Finally, a thought popped into my head, one which had seemingly been frequent recently: why do all our heroes, the artists who touch so many lives with their passion and empathy, keep dying?
This year has been a dark one for celebrity deaths already. Prince, Bowie, Merle Haggard, the "fifth Beatle" George Martin, the guy who played Admiral Ackbar in Star Wars; too many legends have passed.
So why is the Grim Reaper, as some have pointed out, trading in his scythe for a lawnmower? Why is the universe ruining our days, one depressing newspaper front page at a time?

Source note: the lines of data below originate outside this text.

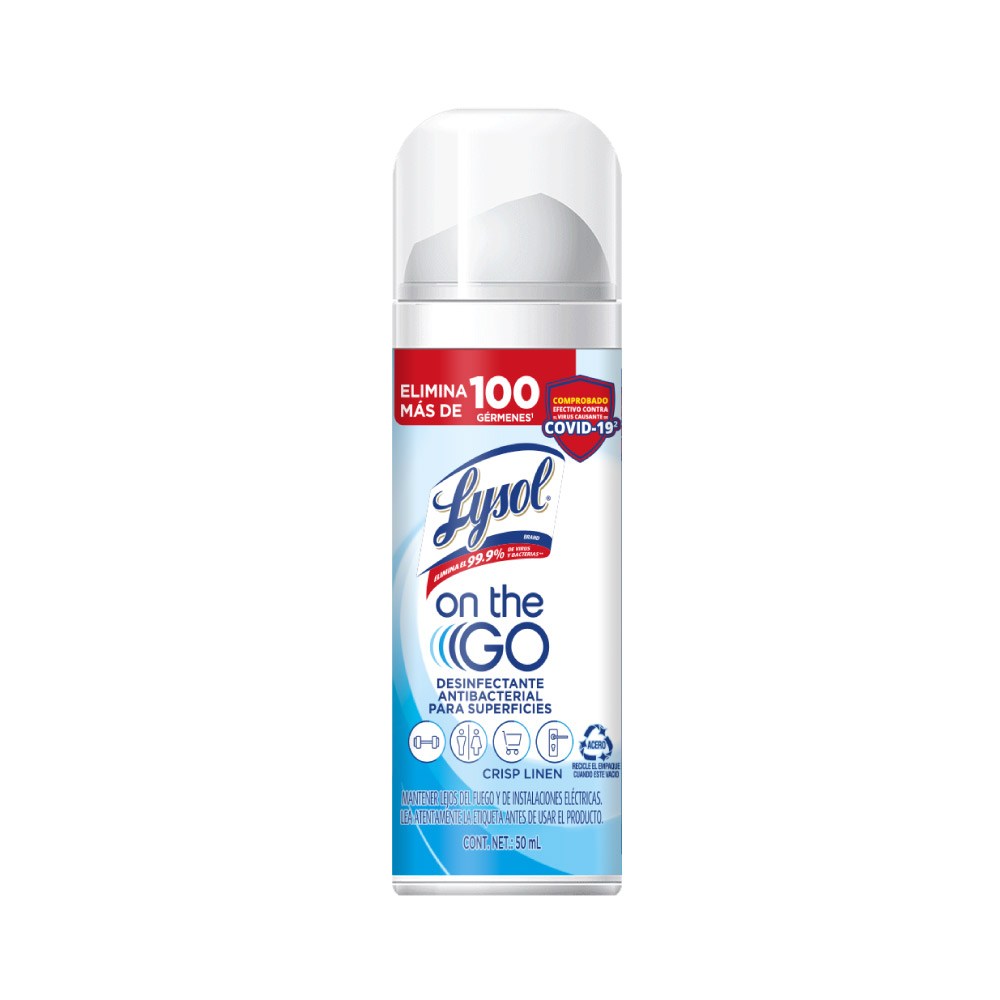 Lysol Aerosol To Go Crisp 50 ml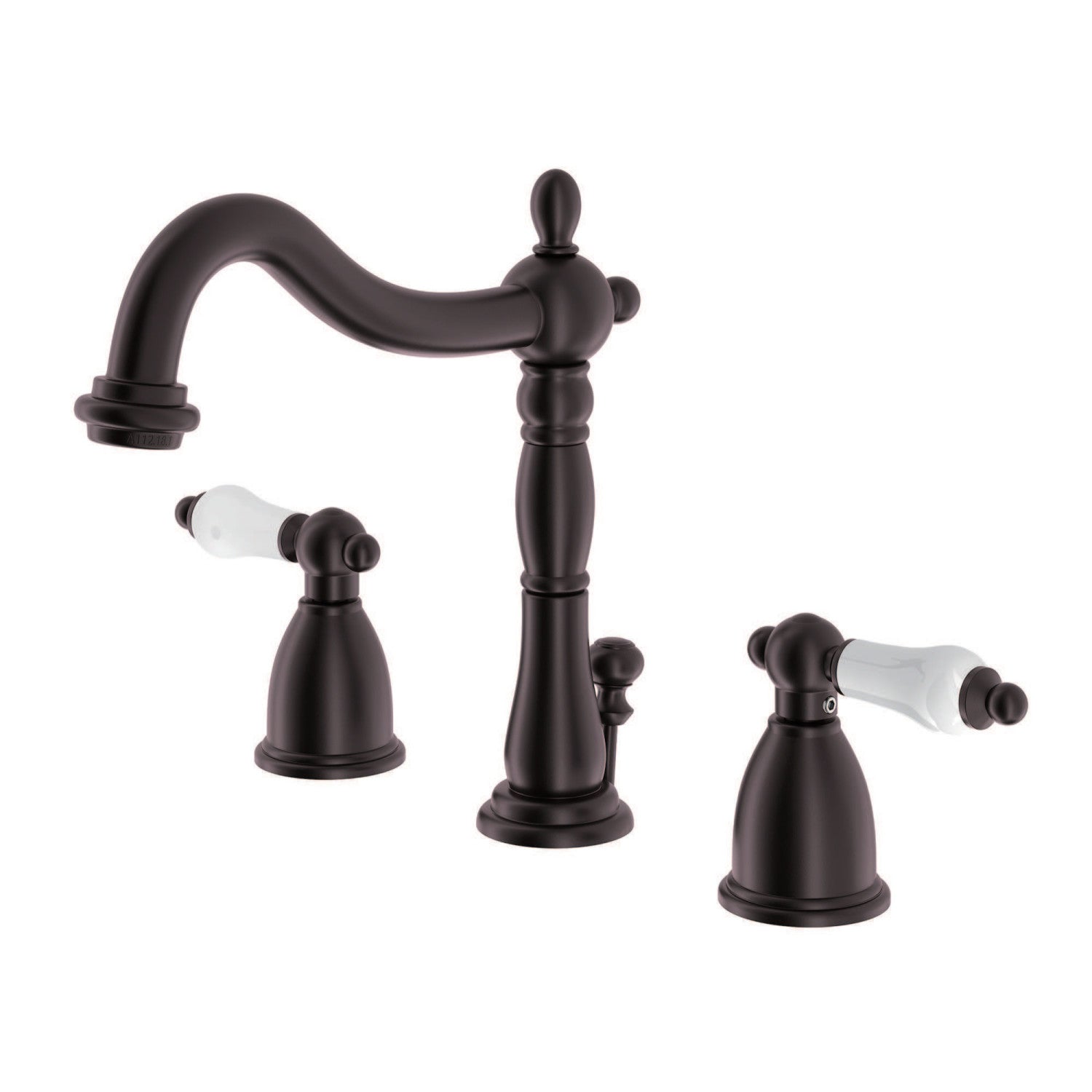 Kingston Heirloom KB1975PL - Robinet de salle de bain à entraxe large avec drain à tirette, bronze huilé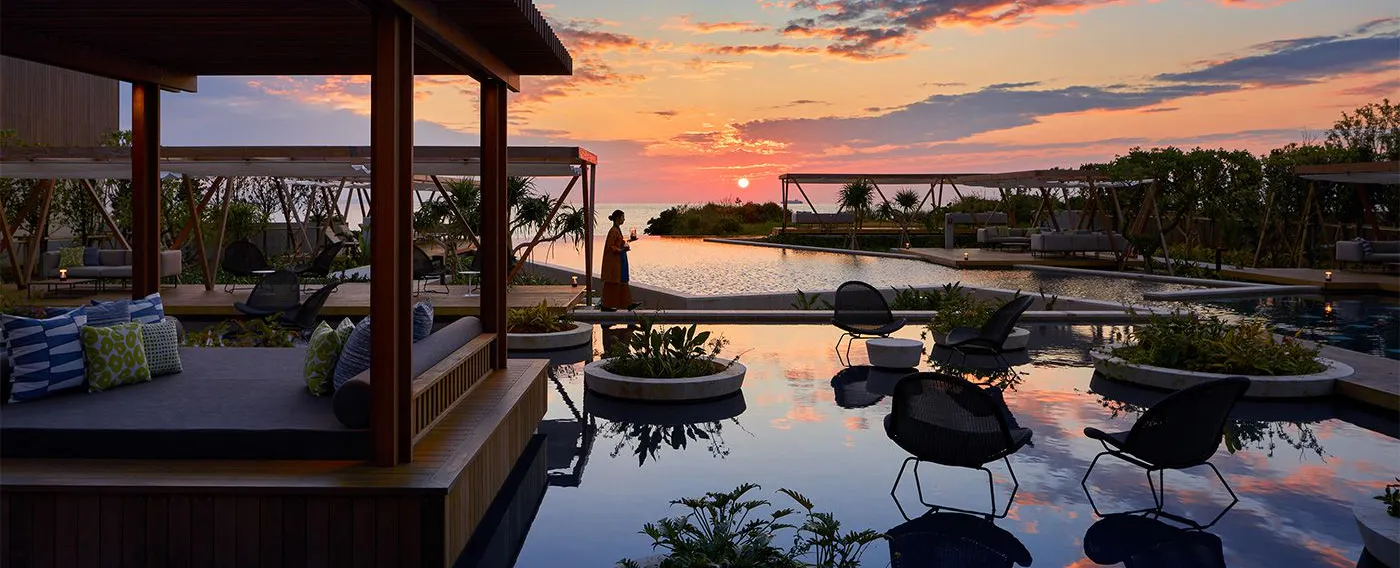 美しい夕陽が望める西海岸の特等席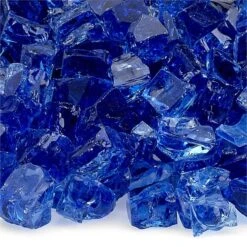 Cobalt Blue Fire Glass 1/2" 8 Cobalt Blue Fire Glass 1/2" -Grand Canyon AFFCOBL12c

Well, as it turns out, there's a few factors at play here.
Firstly, there's simply the fact that the stars who came to the fore in the 60's and 70's are now reaching their golden days. While Prince himself was fairly young at 57, Bowie was reaching the curve at 69, and Merle Haggard was 79.
The reason it seems the biggest stars of the 20th century are all dying at once is because, in a manner of speaking, they are.
These celebrities made names for themselves in the vibrantly healthy post-war creative boom, when moral and cultural values rapidly changed and expanded with the birth of counterculture following World War II.
Bowie, especially, was eulogized as one of the biggest names in the avant-garde scene of 60's Britain; Eagles' Glenn Frey produced some of the more important American rock music of the century.
There's also the pretty believable notion that celebrity culture really hit its top speed from the 1960's on.
So the Baby Boomers who helped guide cultural change through the halcyon days of the latter half of the 20th century are sadly now reaching their use-by-date.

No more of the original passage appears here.